Motherboards are printed circuit boards which contain resistors, transistors, capacitors and other electrical components. Motherboards are temperature regulated devices, protected by heat sinks and fans. Sometimes over-current can damage a connection and burn a spot on the motherboard. Rather than throw the motherboard away in exchange for a new one, there is a technique to repair minor, and in some cases, major burn spots. Any computer owner can repair his motherboard by using some special products and tools, and following easy repair steps.

Things You'll Need

  • Screwdrivers
  • Pencil and paper
  • Utility knife
  • Alcohol
  • Cotton swabs
  • Plastic cup
  • Circuit board epoxy-fiberglass powder mix
  • Plastic spatula
  • Wire cutters
  • Thin jumper wire
  • Tweezers
  • Soldering iron
  • 63/37 tin to lead ratio soldering wire

Step 1

Use a screwdriver to remove the computer or component case screws, and remove the panel. Place the computer case on a flat, clean workbench, with the motherboard facing up. Disconnect all of the peripheral devices by unsnapping the ribbon cables and wire pin connections. Use pencil and paper to draw a diagram of all ribbon and wire locations, for easy re-installation.

Step 2

Use a screwdriver to remove all of the screws that hold the motherboard to the computer chassis. Keep track of all non-conductive rubber or plastic spacers and washers, and put them in order on the bench. Remove the computer case from the bench.
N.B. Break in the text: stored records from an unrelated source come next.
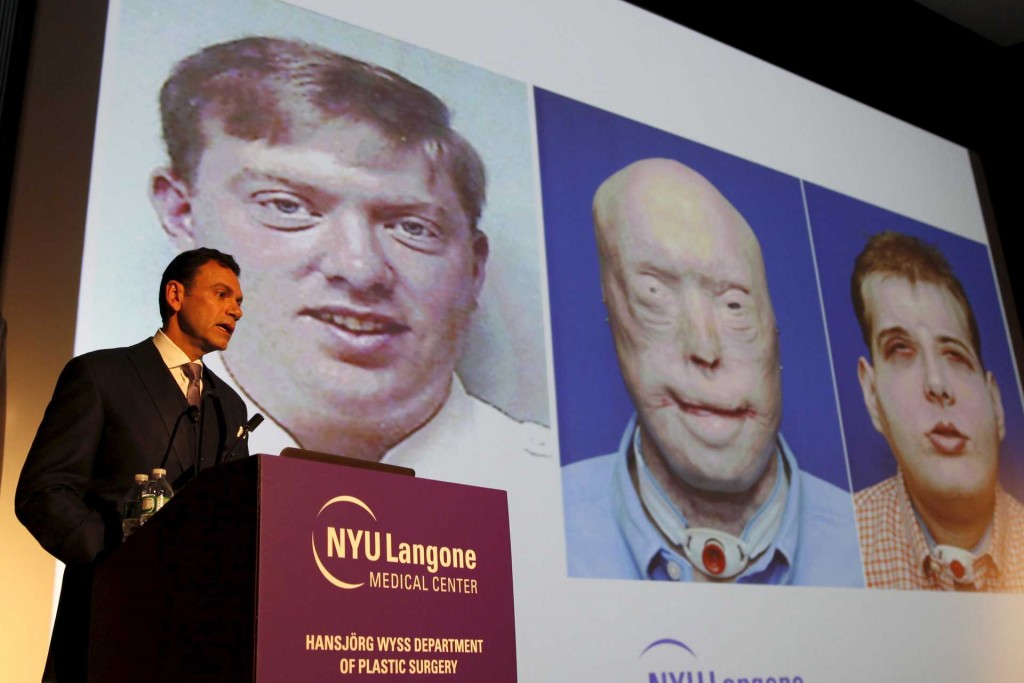 Dr. Eduardo D. Rodriguez, the Helen L. Kimmel Professor of Reconstructive Plastic Surgery at NYU Langone Medical Center holds a news conference to announce the successful completion of the most extensive face transplant to date in the Manhattan borough of New York City, November 16, 2015. Dr. Rodriguez led the surgical team on 41-year-old Patrick Hardison, a firefighter from Senatobia, Misissippi who's face was badly burned in 2001. More than 100 doctors and support staff took part in the 26-hour operation, conducted in August 2015 at the NYU Langone Medical Center. REUTERS/Mike Segar TPX IMAGES OF THE DAY
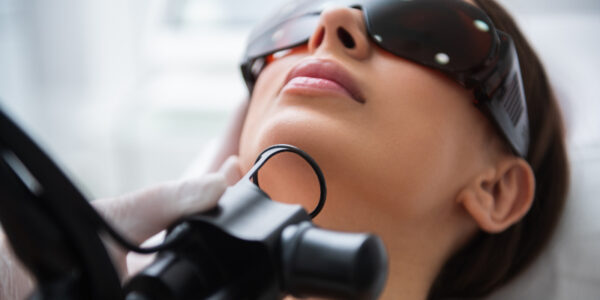 Laser Resurfacing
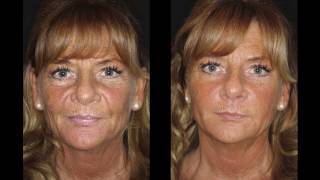 Liquid Facelift (+ voor- en nafoto's) | Furrow.nl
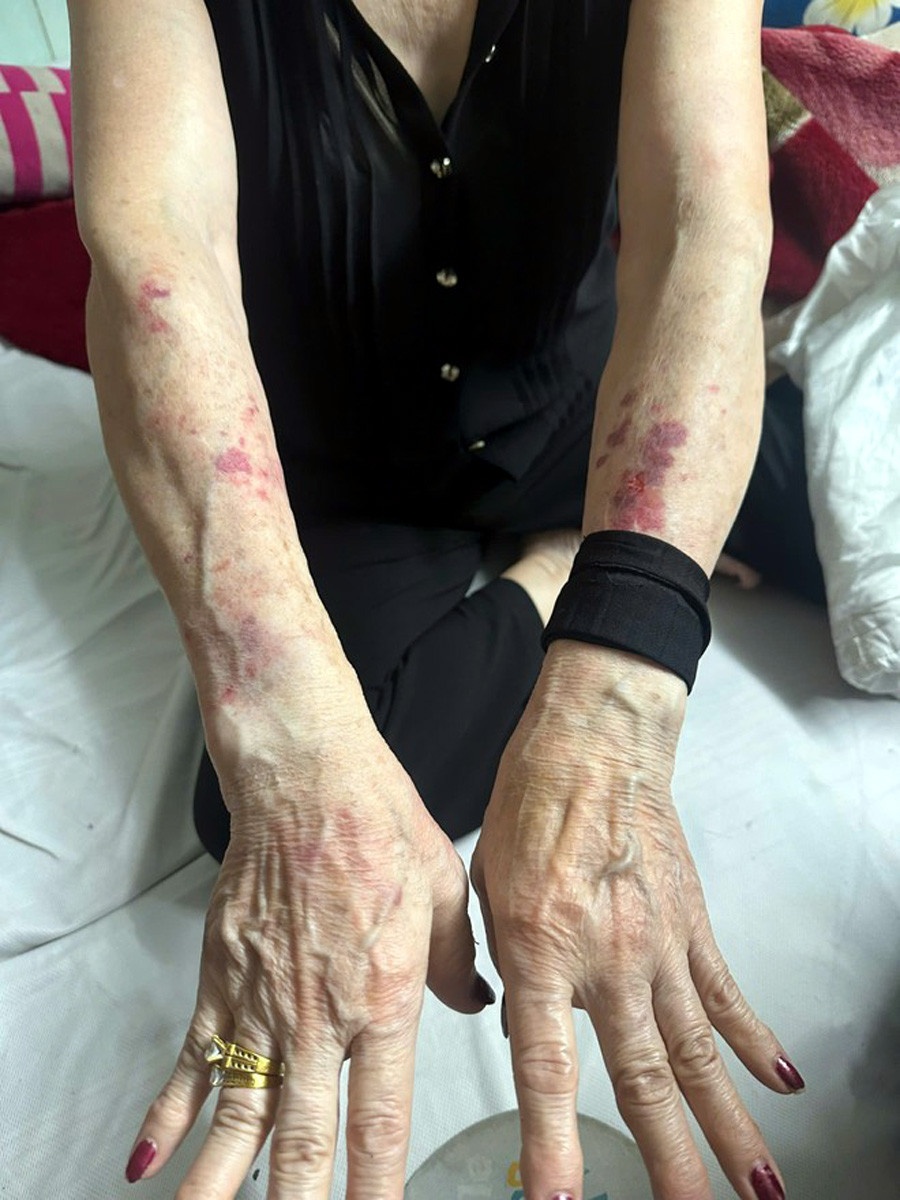 Cuop 16 cay vang,  Ba chu nha nghi,  Ha Noi anh 3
Examine the motherboard for brown or black discoloration. Check both sides of the board to see if the burn has penetrated through. If one side is burnt, use a sharp utility knife to scrape away all burnt material on the board surface.

Step 3

Look to see if a circuit trace has burned through on either end of the damaged area. Scrape the burned material away, up to the ends of both sides of the circuit trace, so you can see clean, shiny connection points. Use alcohol and a cotton swab to clean the area, including the shiny ends of the circuit traces. Mix a small amount of circuit epoxy in a plastic cup, according to directions.

Step 4

Apply the circuit board epoxy over the damaged area with a cotton swab, building up the surface so it is even with the top of the circuit board. Use the tip of a small spatula to level the epoxy material, creating an even surface. Do not spread the epoxy over the cleaned circuit traces. Allow the epoxy to dry and cure according to directions.

Step 5

Use wire cutters to cut a small piece of thin jumper wire long enough to bridge the gap over the damaged area and connect the two ends of each circuit trace. Heat up a soldering gun and melt a drop of soldering wire onto each end of the circuit trace. Hold the jumper wire with tweezers and place one end of the wire over one solder drop. Heat up the solder drop and place one end of the jumper into the solder, while you place the other end of the wire over the top of the other (cool) drop of solder. Let the first solder connection cool.

Step 6

Place the tip of the soldering iron on the second solder drop, letting it melt. Push the jumper wire end into the solder with the tweezers. Let the solder joint cool completely. Mix another batch of circuit board epoxy, and use a cotton swab to cover the top of the jumper wire with several coats. Let the epoxy dry and cure.

Step 7

Place the motherboard back into the computer chassis and insert all of the mounting screws by hand. Remember to put the spacers and washers back in their original locations. Tighten all of the mounting screws with a screwdriver. Following your diagram to reconnect the peripheral device ribbons and wire connectors. Install the computer cover case over the chassis frame and tighten the mounting screws with a screwdriver.